=== DATASET RECORDS ===
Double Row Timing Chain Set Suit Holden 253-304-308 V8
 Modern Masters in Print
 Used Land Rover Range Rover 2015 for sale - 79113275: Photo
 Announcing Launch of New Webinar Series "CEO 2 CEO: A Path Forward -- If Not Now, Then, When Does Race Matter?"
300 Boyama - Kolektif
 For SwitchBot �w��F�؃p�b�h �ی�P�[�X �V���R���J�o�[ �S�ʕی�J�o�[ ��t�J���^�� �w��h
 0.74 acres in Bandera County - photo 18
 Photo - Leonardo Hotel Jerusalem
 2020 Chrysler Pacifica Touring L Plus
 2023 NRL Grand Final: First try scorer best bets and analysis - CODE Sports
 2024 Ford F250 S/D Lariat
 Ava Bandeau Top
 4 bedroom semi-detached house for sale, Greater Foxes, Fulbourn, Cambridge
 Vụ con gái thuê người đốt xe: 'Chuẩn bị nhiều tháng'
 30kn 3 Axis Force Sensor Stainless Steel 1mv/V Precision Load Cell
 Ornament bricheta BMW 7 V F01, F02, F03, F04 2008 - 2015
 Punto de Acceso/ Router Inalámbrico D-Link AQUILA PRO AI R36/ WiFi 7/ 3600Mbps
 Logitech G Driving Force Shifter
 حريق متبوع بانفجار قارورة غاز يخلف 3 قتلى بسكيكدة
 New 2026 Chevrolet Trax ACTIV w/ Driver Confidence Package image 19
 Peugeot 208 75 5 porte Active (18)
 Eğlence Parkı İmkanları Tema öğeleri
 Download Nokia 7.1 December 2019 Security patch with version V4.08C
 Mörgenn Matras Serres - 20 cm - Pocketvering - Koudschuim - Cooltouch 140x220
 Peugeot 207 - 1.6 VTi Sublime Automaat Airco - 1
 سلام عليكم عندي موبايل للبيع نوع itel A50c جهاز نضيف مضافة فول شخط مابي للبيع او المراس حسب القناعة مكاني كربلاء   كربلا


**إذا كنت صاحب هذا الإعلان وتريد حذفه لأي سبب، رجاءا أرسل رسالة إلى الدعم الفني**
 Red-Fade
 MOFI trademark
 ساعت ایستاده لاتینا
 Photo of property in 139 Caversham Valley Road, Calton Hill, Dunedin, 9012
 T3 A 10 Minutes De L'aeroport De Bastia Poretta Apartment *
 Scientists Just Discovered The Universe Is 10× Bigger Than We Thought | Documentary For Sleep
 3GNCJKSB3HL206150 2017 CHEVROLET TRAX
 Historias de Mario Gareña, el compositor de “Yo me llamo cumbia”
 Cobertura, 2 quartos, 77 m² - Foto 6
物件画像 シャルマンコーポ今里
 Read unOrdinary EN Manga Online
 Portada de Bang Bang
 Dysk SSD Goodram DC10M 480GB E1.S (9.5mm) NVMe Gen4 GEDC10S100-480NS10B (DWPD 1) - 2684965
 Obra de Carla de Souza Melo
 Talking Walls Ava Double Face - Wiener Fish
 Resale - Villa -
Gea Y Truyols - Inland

=== TASK OBJECTIVE ===
The exercise is to copy out every line above that has the word "Double" in it.

=== ANSWER BOX ===
Double Row Timing Chain Set Suit Holden 253-304-308 V8
 Talking Walls Ava Double Face - Wiener Fish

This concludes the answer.